The FISA Court continually rotates with respect to how it deals with requests from the government. In essence, each judge takes turns overseeing surveillance asks from the Feds. Judge Roger Vinson, the judge who signed off on the order disclosed by Snowden last year, requested an extension for filing his personal finance statement. While it's not clear how the rotation schedule works, it's certainly plausible Judge Saylor or Judge Wright will soon be asked to renew the next request by the NSA for metadata from telecom companies.
Do the investments constitute a conflict of interest? Federal judges are bound by an ethics law that requires them to recuse themselves from cases in which they hold a financial stake in the outcome, or in cases in which their "impartiality might reasonably be questioned."

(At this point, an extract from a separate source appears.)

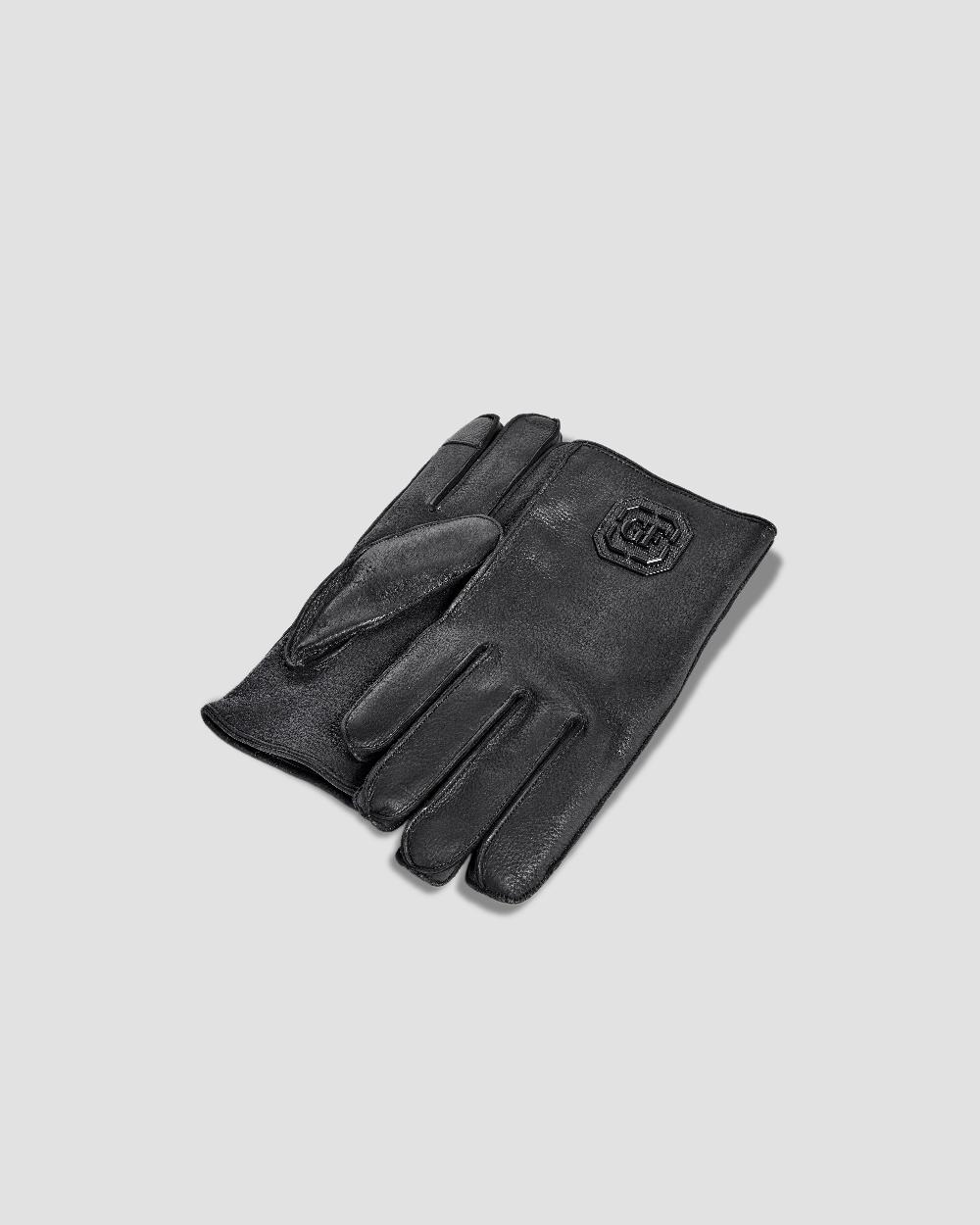 Gianfranco Ferre Metal Monogram Leather Gloves Black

In the past, revelations about stock ownership have invalidated certain court decisions. For example, after an eye-opening investigation from the Center for Public Integrity, which revealed that a federal judge who participated in a mortgage foreclosure-related decision owned stock in Wells Fargo, a case was re-opened. The FISA Court is different. For one thing, FISA proceedings are ex parte, meaning Verizon isn't even a party for the NSA requests. However, telecom companies certainly have a stake in how they comply with government orders, and some ethicists say judges would be well served if they simply steer clear of these types of investments.
"I think prudence would suggest that a FISA judge would not acquire investments in these telecommunication stocks," says Professor William G. Ross, an expert on judicial ethics at Samford University's Cumberland School of Law in Alabama. "I'm not saying there is a conflict of interest, which my impression says there's probably not," Ross says, adding, "this is between what's improper and what's prudent."
District court clerks told VICE that judges typically do not offer responses on the record for these types of inquiries. Judge Saylor's office could not offer a comment, and a request for comment was also sent to the other judges.
Last year, Gawker reported that many FISA Court judges have owned various telecommunication stocks over the years. But the ethics forms we obtained show that since the Snowden revelation, FISA Court judges have been specifically purchasing and holding stock in the company that is the only named telecom giant known for its compliance with the NSA's bulk data orders.